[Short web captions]
=== Begin Enclosure ===

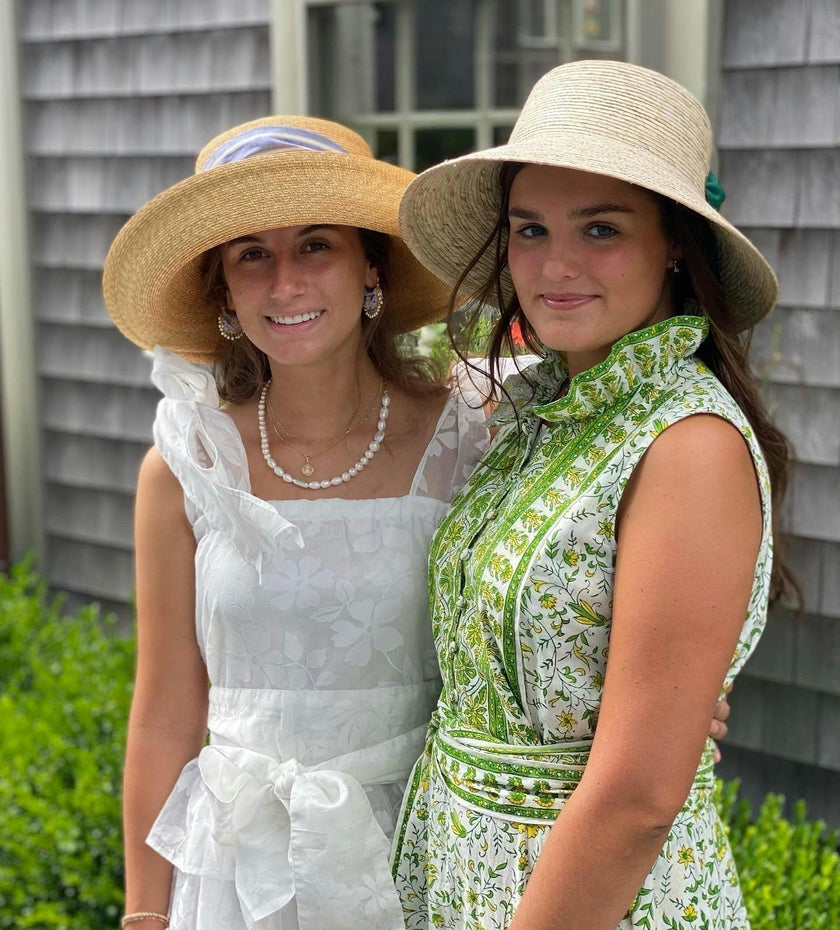 Clematis Bucket Hat (PreOrder Shipping June 15th) - Antique Eyelet Scallop Lace Short Ribbon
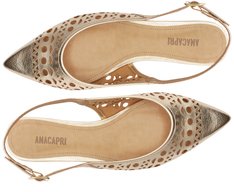 Sapatilha Slingback Perfuros Dourada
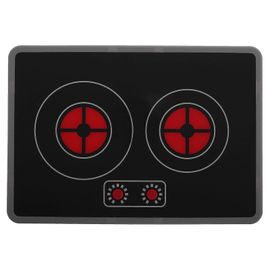 Cuisiniere a induction realiste avec effets lumineux, jouet de cuisine pour enfants, jeu de simulation, modele de cuisine a induction, jouet pour tout-petits, 28 x 19,5 x 2 cm, multicolore
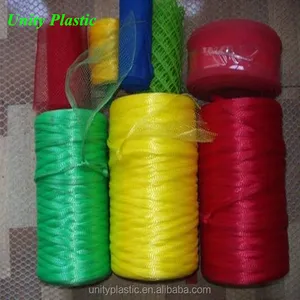 Good-use plastic extruded packing net,colourful plastic net bag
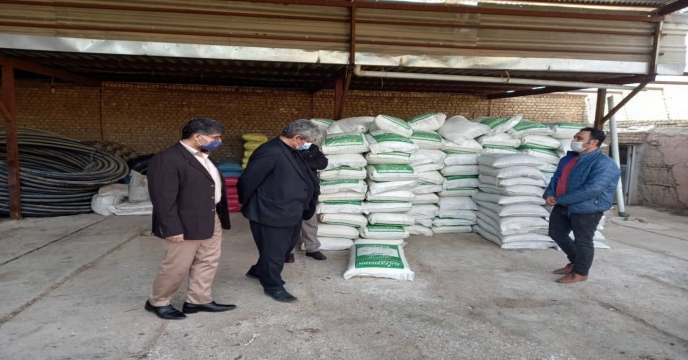 بازدید مدیر بازرسی و حسابرسی از انبار کارگزاران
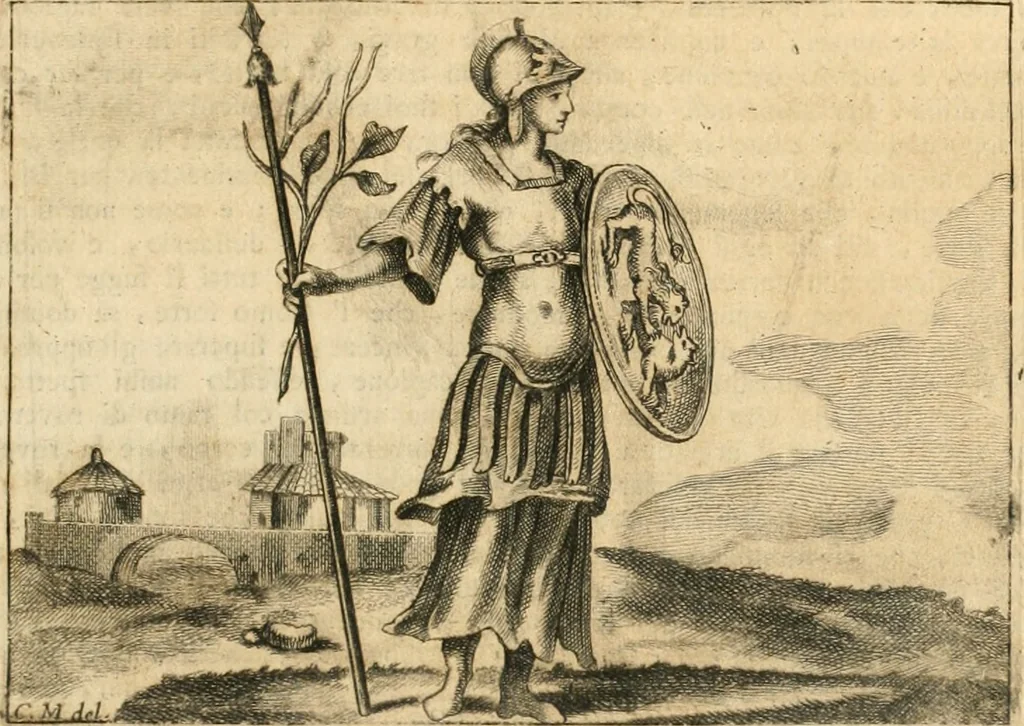 An illustration from Iconologia del cavaliere Cesare Ripa, perugino, 1764, leaf 116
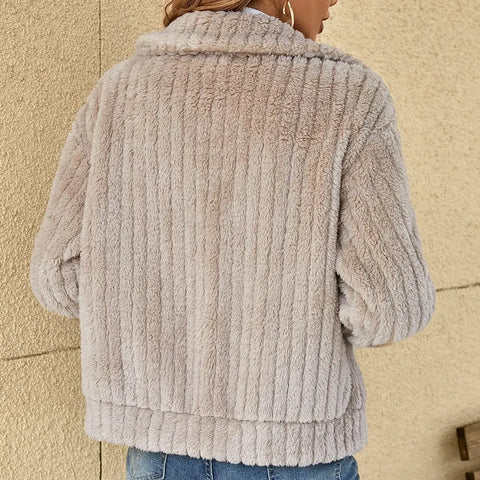 Jasmina | AFSLAPPET STRIKCARDIGAN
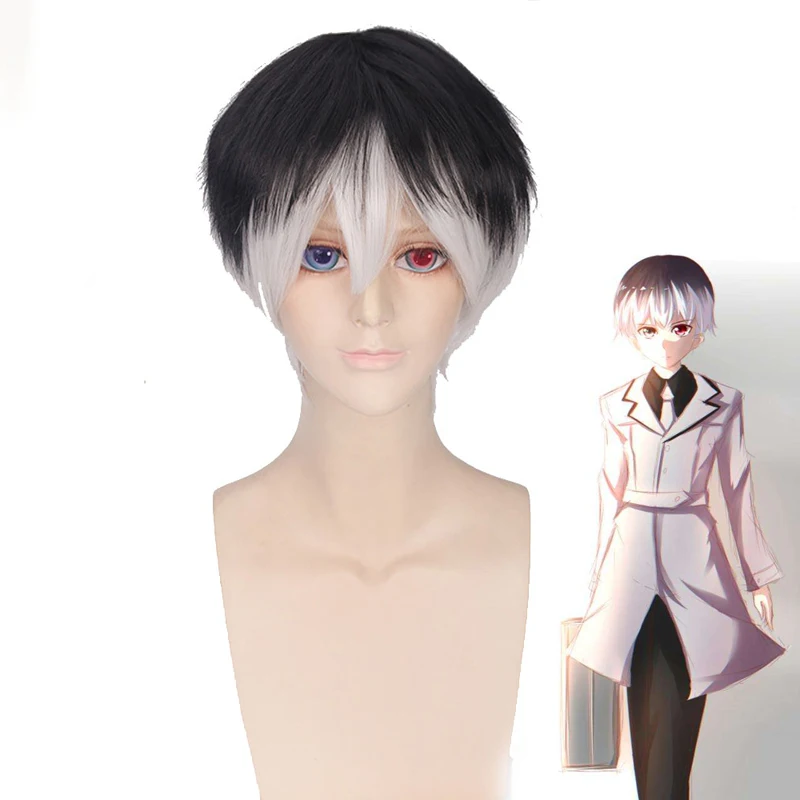 Tokyo Ghoul Re Sasaki Haise Wig Cosplay Costume Ken Kaneki Short Heat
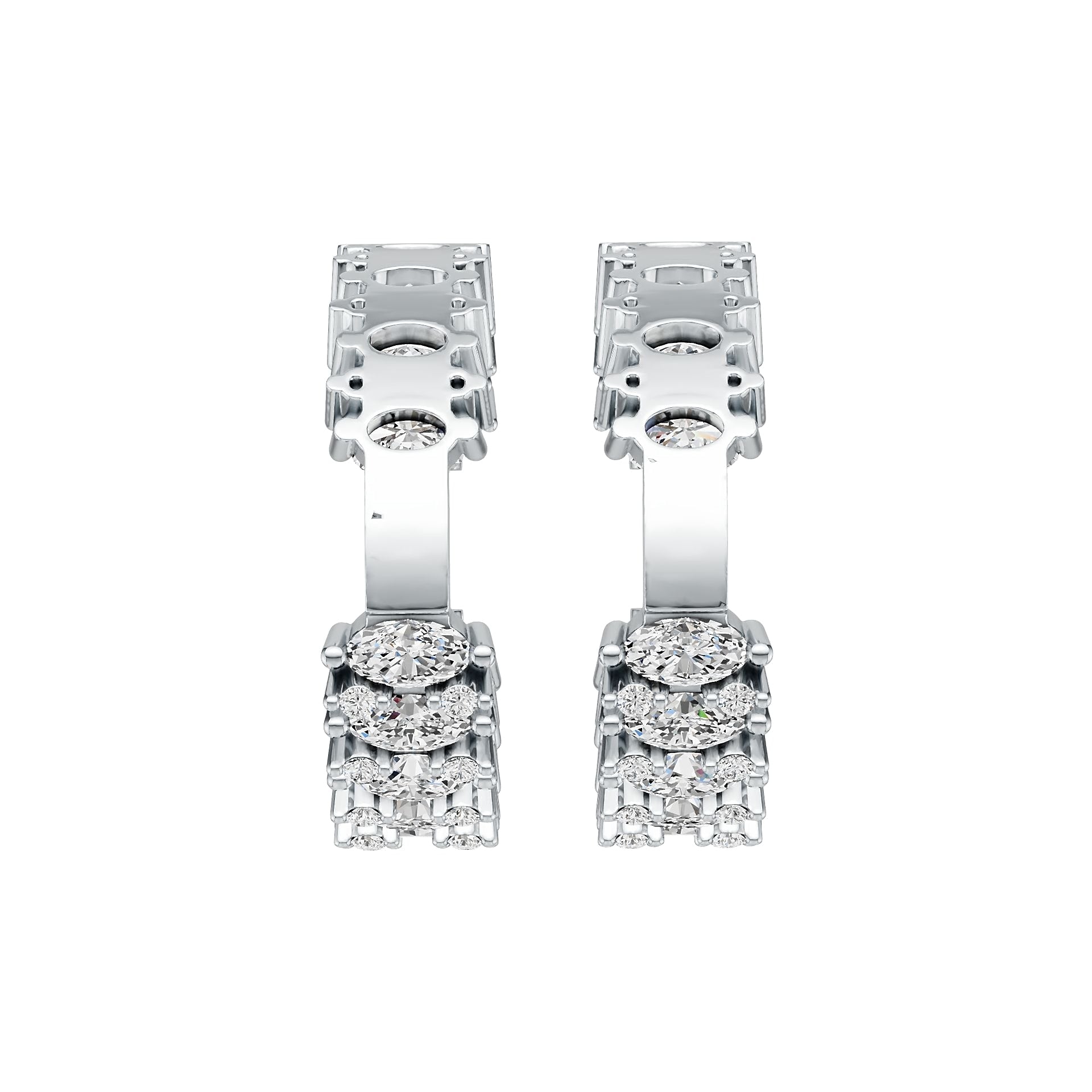 Sterling Silver Semi Mount Earrings Setting Oval OV 5X3mm DHJ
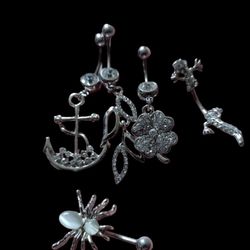 5 Piece Can be Kallo Belly Button Rings
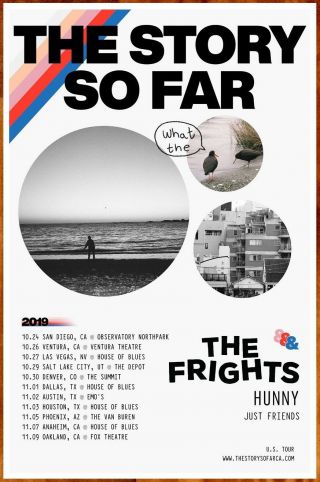 The Story So Far Fall 2019 Tour Ltd Ed Rare Poster,  Bonus Rock Punk Poster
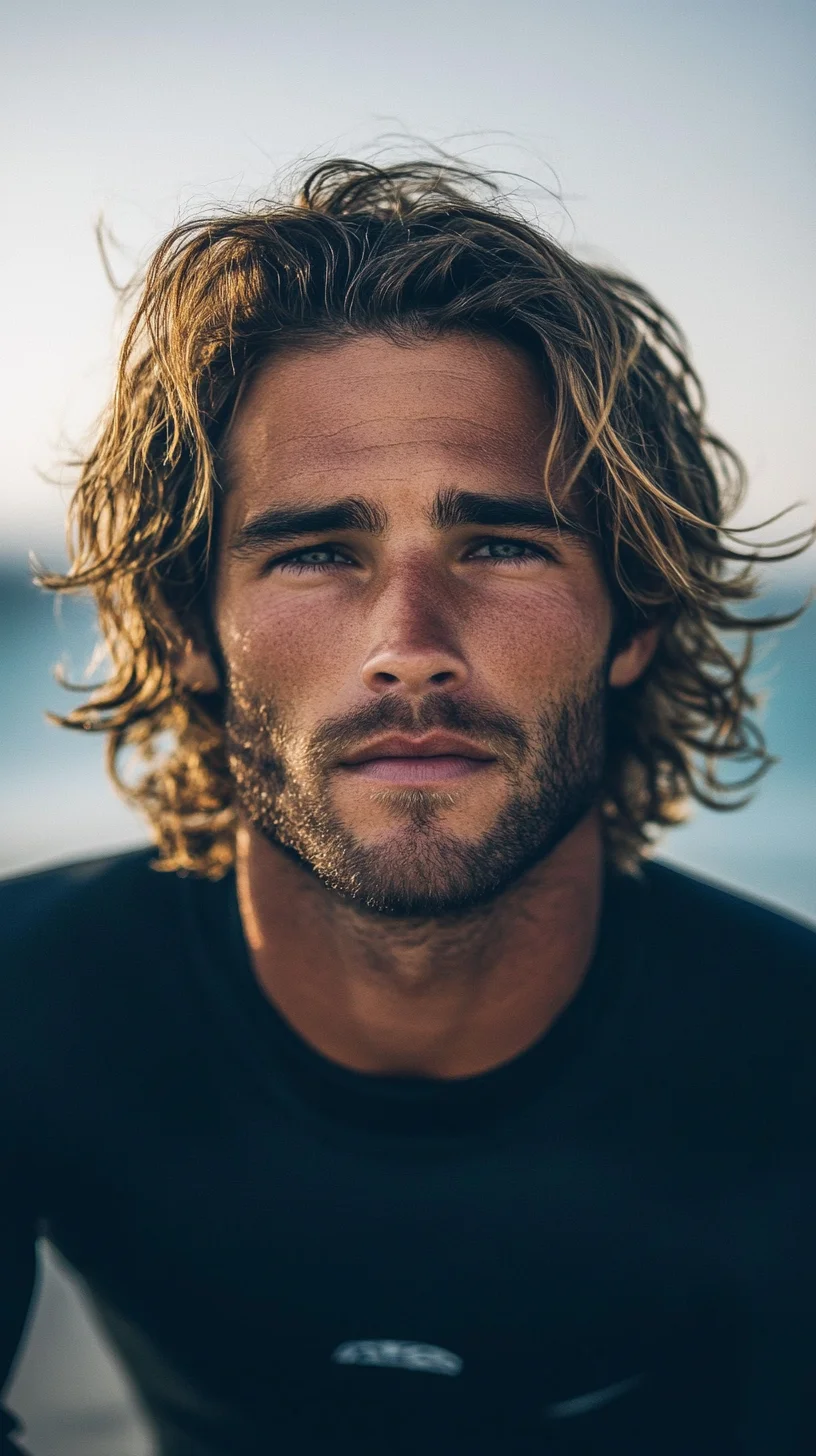 Effortlessly Chic: The Wavy Surfer Look for a Laid-Back Vibe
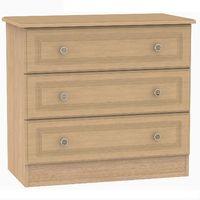 Pembroke 3 Drawer Chest Light Oak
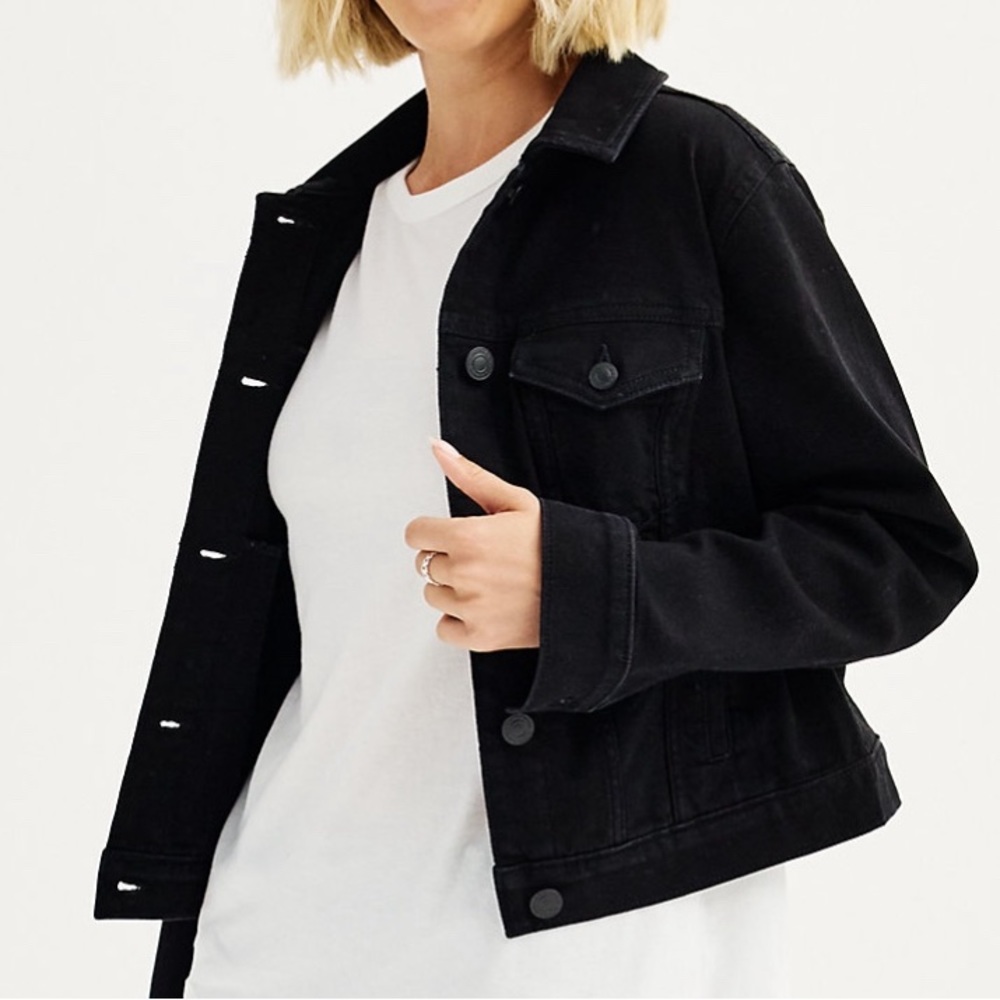 Black Jean Jacket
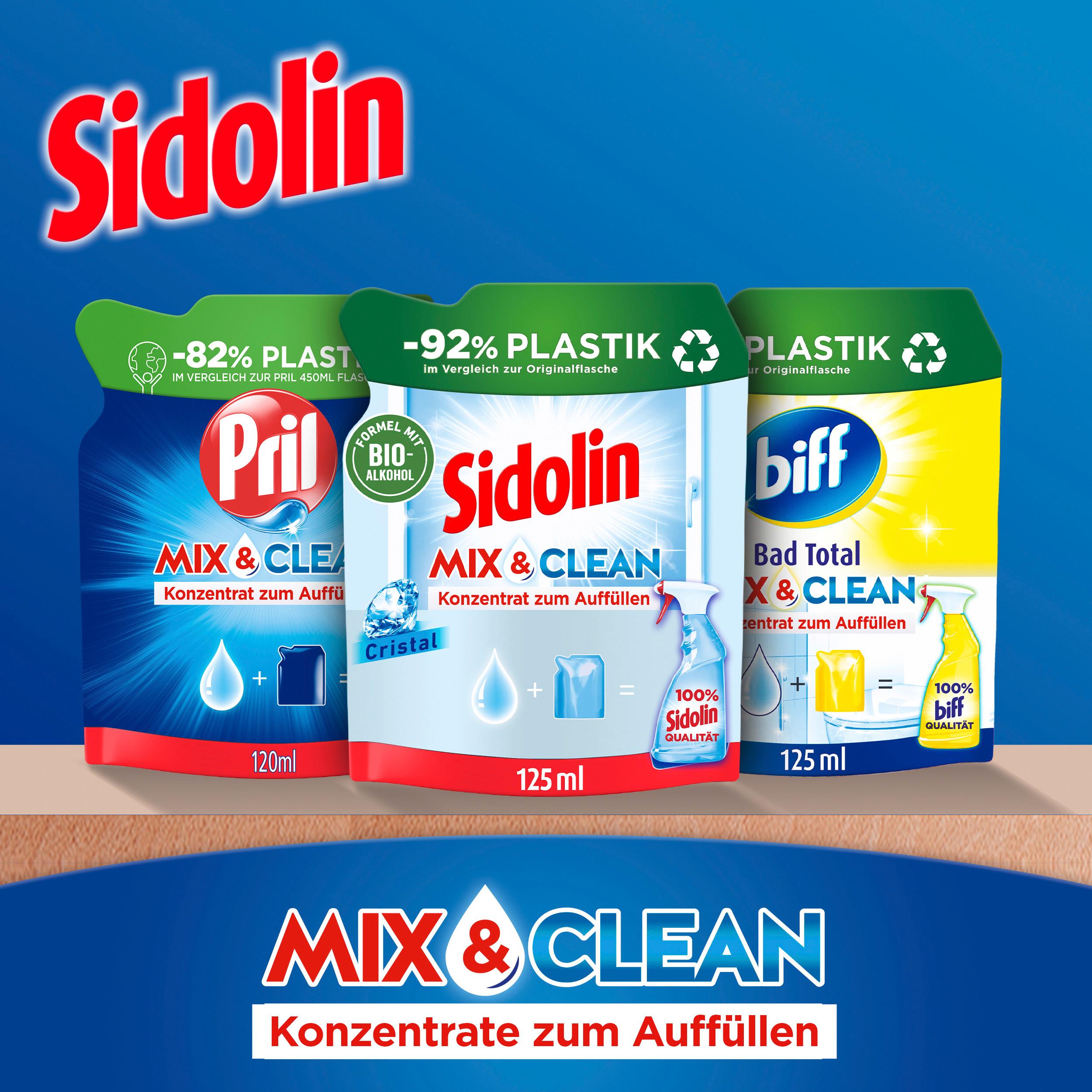 Produktbild Sidolin Glasreiniger Streifenfrei Mix&Clean Cristal Nachfüllung 7 von 7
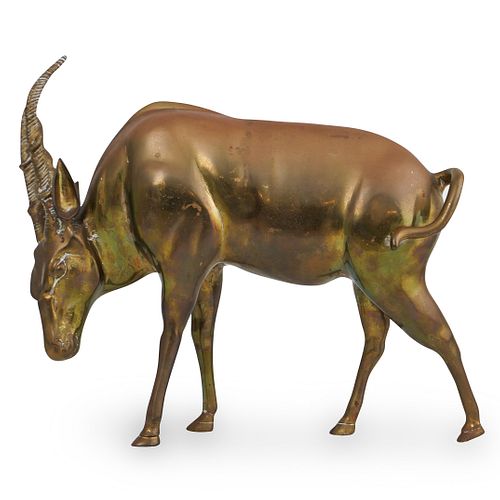 BRONZE ANTELOPE STATUEDESCRIPTION  391953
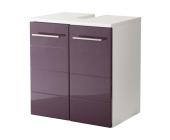 HELD MOBEL Waschbeckenunterschrank »Porto«, weiß/aubergine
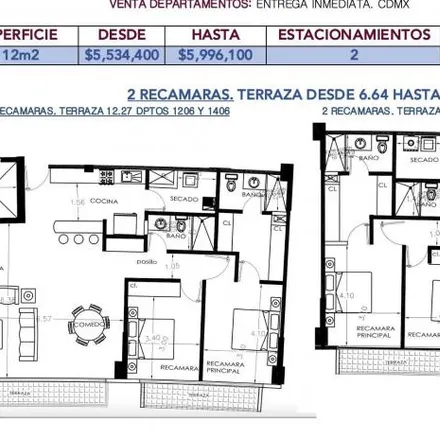 Buy this 3 bed apartment on Cerrada de las Minas in Álvaro Obregón, 01700 Santa Fe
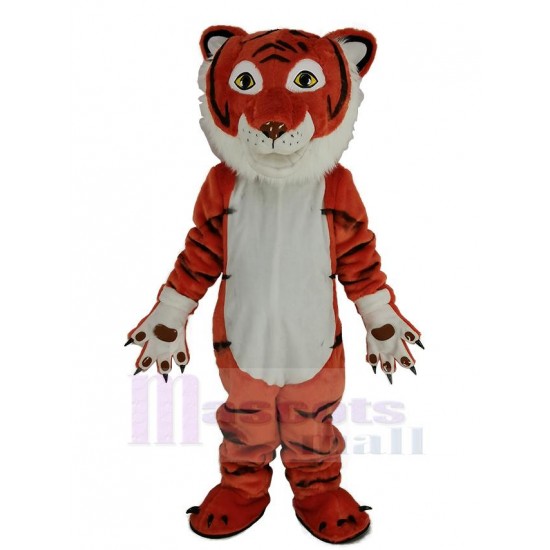 Cute Orange Tiger Mascot Costume Animal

=== End Enclosure ===

▶ [Task details]
Pictures in the entries do not go into the copy. Print only the lines starting at the one containing "5 Piece Can be Kallo Belly Button Rings" and ending at the one containing "BRONZE ANTELOPE STATUEDESCRIPTION", exactly as they appear.

▶ [Answer space]
 5 Piece Can be Kallo Belly Button Rings
 The Story So Far Fall 2019 Tour Ltd Ed Rare Poster,  Bonus Rock Punk Poster
 Effortlessly Chic: The Wavy Surfer Look for a Laid-Back Vibe
 Pembroke 3 Drawer Chest Light Oak
 Black Jean Jacket
 Produktbild Sidolin Glasreiniger Streifenfrei Mix&Clean Cristal Nachfüllung 7 von 7
 BRONZE ANTELOPE STATUEDESCRIPTION  391953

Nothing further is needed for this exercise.